Da Annamaria Franzoni alla contessa Alberica Filo della Torre, passando per Parolisi, Bossetti, etc., i casi di cronaca con la tv nel ruolo di stalker. Persone, sentimenti e valori asfaltati, centrale l’audience, divinità morbosa e avida di sacrifici più di Artemide con Agamennone.
Alla Lubrano, la domanda nasce spontanea: per avere cosa? Ognuno si dia la risposta che più gli aggrada per formazione culturale, sensibilità , senso socratico o kantiano dell’etica, ma la più cattiva potrebbe essere: la tv-spazzatura? Del dolore? La variante nazionalpopolare? Ne parliamo con Adriana Pannitteri.
Domanda inevitabile: lei fa parte del circo mediatico, e ai livelli più alti e di prestigio: ha dovuto scrivere un saggio appassionato e colmo di etos civile per testimoniare la patologia?
“Credo che il tempo di riflessione di un saggio (soprattutto perché accompagnato dal contributo prezioso di un magistrato) sia determinante per aprire varchi nella coscienza. Mi riferisco anche alla coscienza personale, al valore del giornalismo, e alla difficile mediazione tra il dovere di raccontare e quello di rispettare la dignità delle persone.
Il confine è una sfida ardua. A volte siamo sopraffatti dagli eventi e da un meccanismo quasi inconscio che ci porta a divorare tutto”.
Si può tentare di risalire a quando è iniziata la deriva? C’è chi la fa coincidere con l’ingresso in politica di un imprenditore tv, chi la sposta ancora più indietro, facendola coincidere con Pertini (1981) affacciato sulla bocca del pozzo dove il povero Alfredino Rampi sta morendo…
“Quando iniziò la sfida con Mediaset io ero una giovane cronista e mi ricordo che l’imperativo categorico divenne: avere una notizia in più o solo un’immagine in più del tg5.
Forse la deriva è iniziata da quel momento e dall’irrompere dei dati di ascolto e dello share persino nei telegiornali.
Certo, c’era stato Alfredino Rampi, ma forse nessuno immaginava che il bimbo sarebbe rimasto intrappolato in quel pozzo senza fine. Di certo quelle ore scandirono l’inizio della cosiddetta tv del dolore. Ma credo, per assurdo, che fossimo tutti più innocenti e ansiosi di riportare Alfredino dalla sua mamma”.
Il giornalismo-spettacolo, specialità forse solo all italian, ha condizionato indagini, processi e infine le sentenze?

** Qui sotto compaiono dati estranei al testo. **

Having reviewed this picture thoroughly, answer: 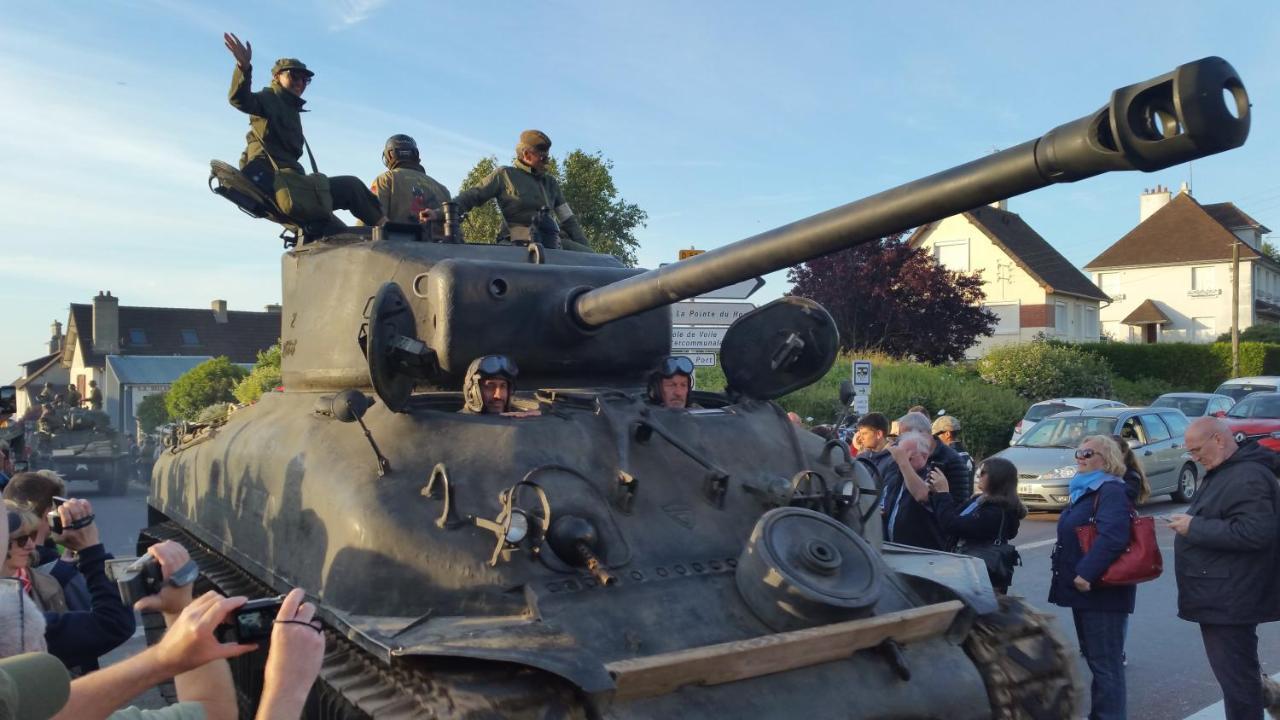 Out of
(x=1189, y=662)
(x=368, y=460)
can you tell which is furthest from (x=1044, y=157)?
(x=1189, y=662)

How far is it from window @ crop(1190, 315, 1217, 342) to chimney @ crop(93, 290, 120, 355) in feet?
163

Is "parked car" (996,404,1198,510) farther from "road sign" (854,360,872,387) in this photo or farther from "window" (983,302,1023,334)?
"window" (983,302,1023,334)

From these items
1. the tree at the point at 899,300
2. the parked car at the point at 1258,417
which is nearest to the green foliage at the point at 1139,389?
the tree at the point at 899,300

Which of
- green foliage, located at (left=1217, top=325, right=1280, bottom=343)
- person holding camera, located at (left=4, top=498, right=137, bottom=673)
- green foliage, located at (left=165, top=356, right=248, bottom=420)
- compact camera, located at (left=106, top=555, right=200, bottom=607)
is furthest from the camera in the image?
green foliage, located at (left=1217, top=325, right=1280, bottom=343)

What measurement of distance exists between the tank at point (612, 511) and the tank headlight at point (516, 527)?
0.01 meters

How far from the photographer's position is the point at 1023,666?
14.9 ft

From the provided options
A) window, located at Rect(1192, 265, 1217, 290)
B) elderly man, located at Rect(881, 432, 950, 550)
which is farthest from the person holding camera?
→ window, located at Rect(1192, 265, 1217, 290)

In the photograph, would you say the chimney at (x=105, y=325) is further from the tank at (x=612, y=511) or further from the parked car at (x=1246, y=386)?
the tank at (x=612, y=511)

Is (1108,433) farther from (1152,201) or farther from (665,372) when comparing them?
(1152,201)

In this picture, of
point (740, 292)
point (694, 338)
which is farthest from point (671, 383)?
point (694, 338)

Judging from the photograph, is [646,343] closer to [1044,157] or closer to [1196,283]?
[1044,157]

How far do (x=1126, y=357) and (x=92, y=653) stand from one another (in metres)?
37.8

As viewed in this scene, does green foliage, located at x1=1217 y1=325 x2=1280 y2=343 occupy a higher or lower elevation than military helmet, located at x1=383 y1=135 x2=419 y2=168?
lower

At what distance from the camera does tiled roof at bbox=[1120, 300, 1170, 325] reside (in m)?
52.3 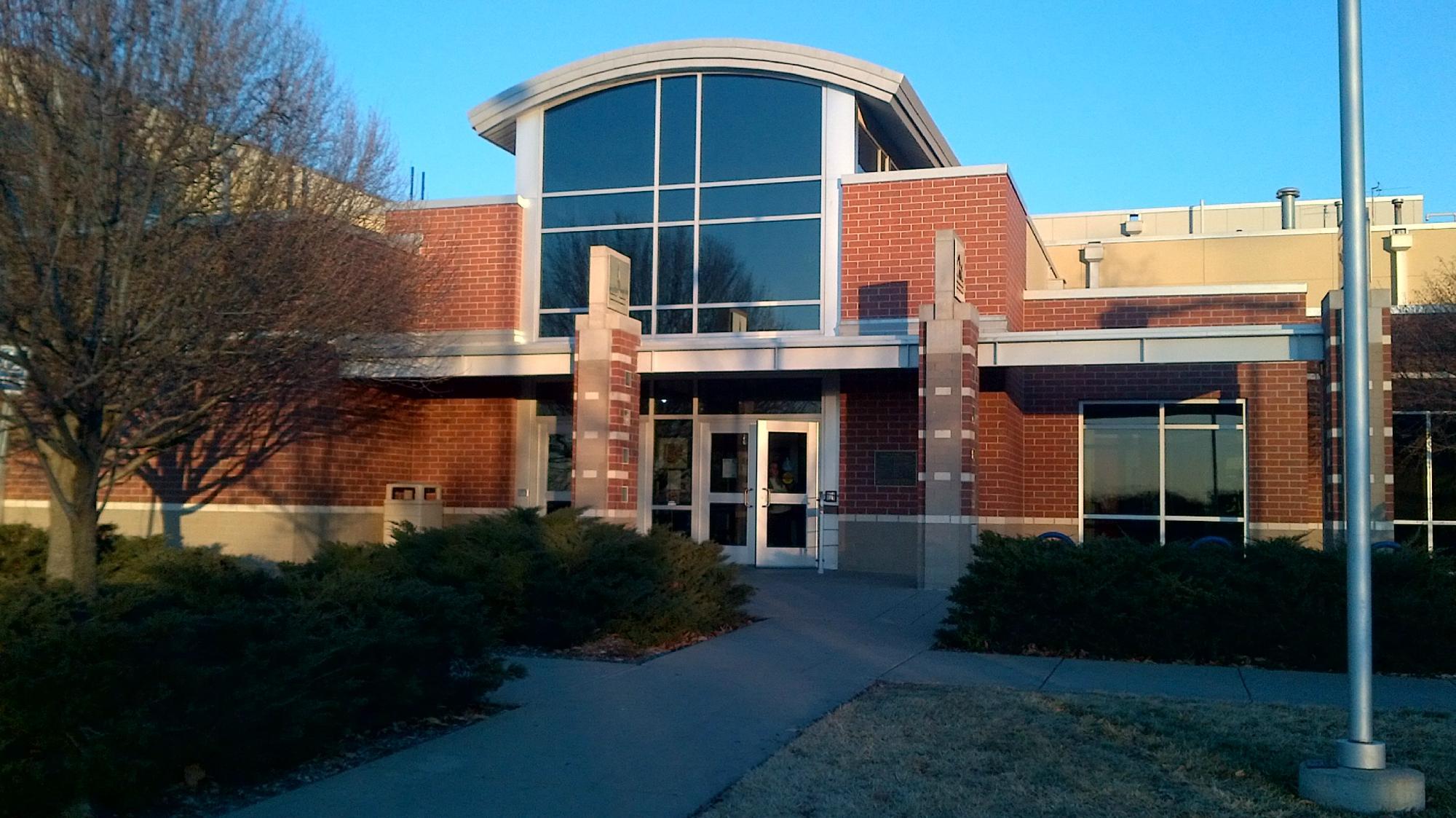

“Non dovrei dirlo ma penso che quando un caso di cronaca diviene vicenda pubblica in tutte le sue mille sfaccettature, quando ogni dettaglio è rivelato, quando si violano i confini dell’intimità , il rischio è che si imponga l’idea di giungere a una sentenza esemplare.
Una tentazione alla quale non sempre i giudici riescono a sottrarsi. Ma la pena esemplare non esiste nel nostro ordinamento ed è un vero e proprio obbrobrio”.
Autori e vestali della tv tossica, sempre trillanti, empatiche, annunciano scoop inesistenti (Oriana Fallaci si rivolta nella tomba) e dicono: il pubblico vuole questo, e noi glielo diamo, variante del pensiero: più abbassi il livello, più c’è audience e gli inserzionisti gongolano, tradotto: mettetevi l’anima in pace, è il mercato, bellezza, the show must go on…
“Purtroppo abbiamo assistito anche al mercimonio delle interviste e delle testimonianze costruite a tavolino pur di raggiungere un punto in più di share.
Al contrario abbiamo assistito anche a straordinari picchi di auditel con trasmissioni belle. Penso a Alberto Angela. O a inchieste assolutamente dignitose anche su fatti di cronaca.
Quindi è possibile? Non credo in una tv pedagogica ma allo stesso tempo ritengo che in particolare il servizio pubblico abbia il dovere di tenere l’asticella alta”.
L’oblio: diritto od opzione?
“Il diritto all’oblio ha una sua precisa configurazione. Ma ci sono fatti di rilevanza storica che meritano di essere ricordati anche molto tempo dopo sebbene in un contesto giusto. E’ sempre questione di equilibrio”.
Ogni codice di autodisciplina è bypassato, appelli delle istituzioni ignorati: ma nel suo saggio brilla un lumicino di speranza: ha qualche idea terra terra per uscirne senza penalizzare alcun soggetto in campo?
“Ho imparato a pormi alcune domande nel tempo e mi faccio quelle domande tutte le volte che mi avvicino a una vicenda delicata, nella quale le persone hanno pagato un prezzo altissimo. Mi chiedo: questo dettaglio è funzionale all’obiettivo che voglio raggiungere? Sto accendendo i riflettori su una questione che interroga l’opinione pubblica? Sto sensibilizzando chi mi ascolta e mi vede affinché certi fatti non avvengano più? Sono gli interrogativi imprescindibili, quelli che devono guidare il lavoro di un cronista”.